## What to do
From first line to last, print the records exactly, but leave out the pictures.

## Extracted information
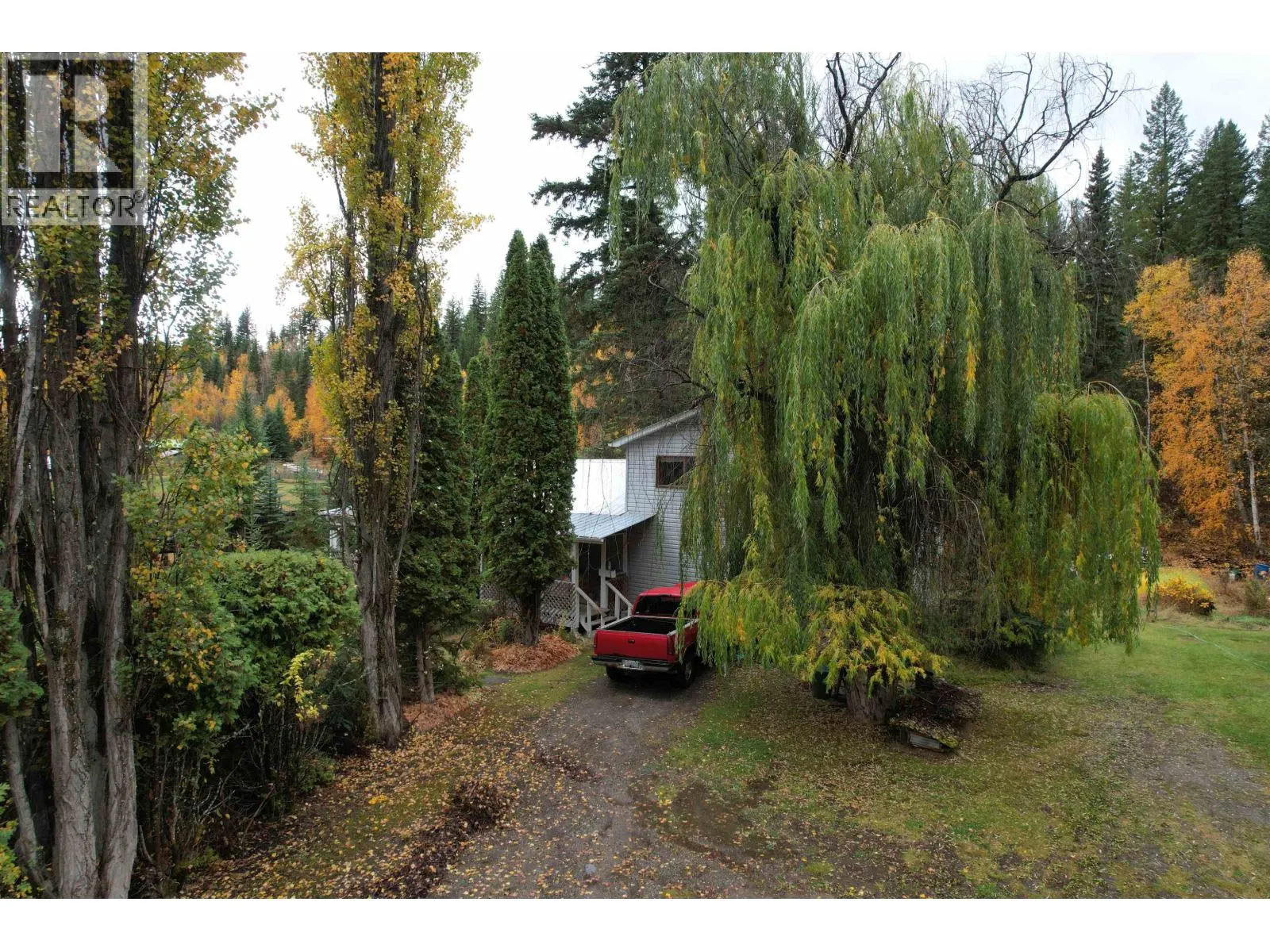 2064 WEST FRASER ROAD
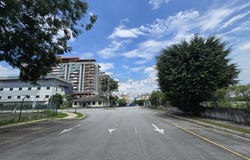Petaling Jaya, Selangor, Petaling Jaya, Selangor 47300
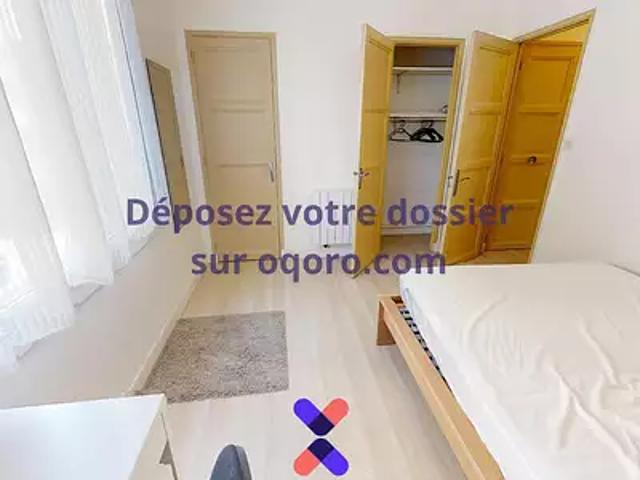 Marseille 5ème 13005 Location appartement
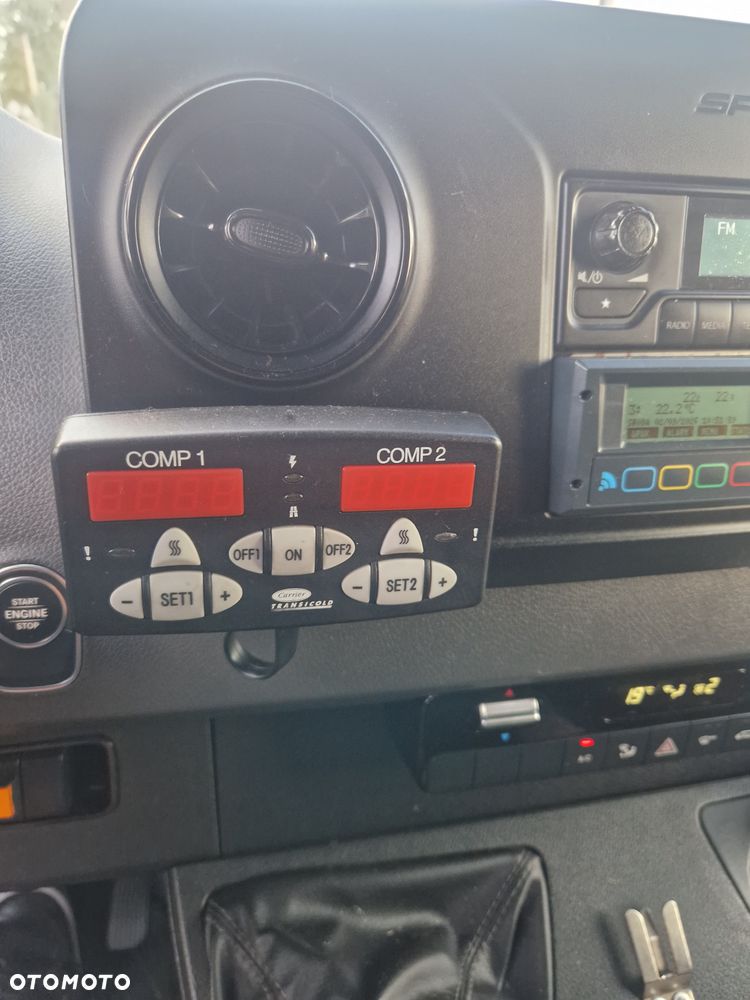 Mercedes-Benz SPRINTER - 6
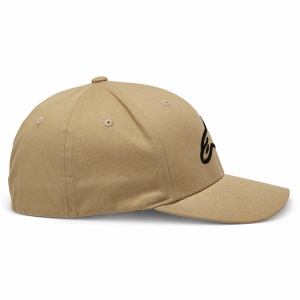 Sapca ALPINESTARS AGELESS CURVED Hat - Img 10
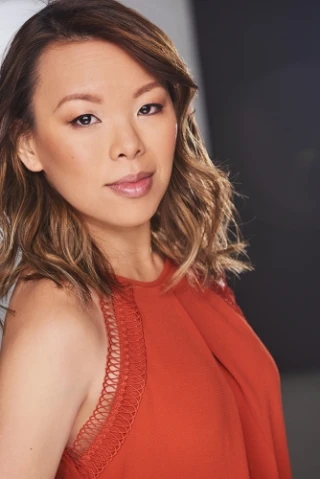 Wendy Lee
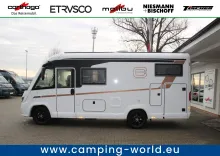 Fahrzeugbild Carthago C2-tourer I 141 KB-LE comfort 4.2t #6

## Solution to this task
 2064 WEST FRASER ROAD
Petaling Jaya, Selangor, Petaling Jaya, Selangor 47300
 Marseille 5ème 13005 Location appartement
 Mercedes-Benz SPRINTER - 6
 Sapca ALPINESTARS AGELESS CURVED Hat - Img 10
 Wendy Lee
 Fahrzeugbild Carthago C2-tourer I 141 KB-LE comfort 4.2t #6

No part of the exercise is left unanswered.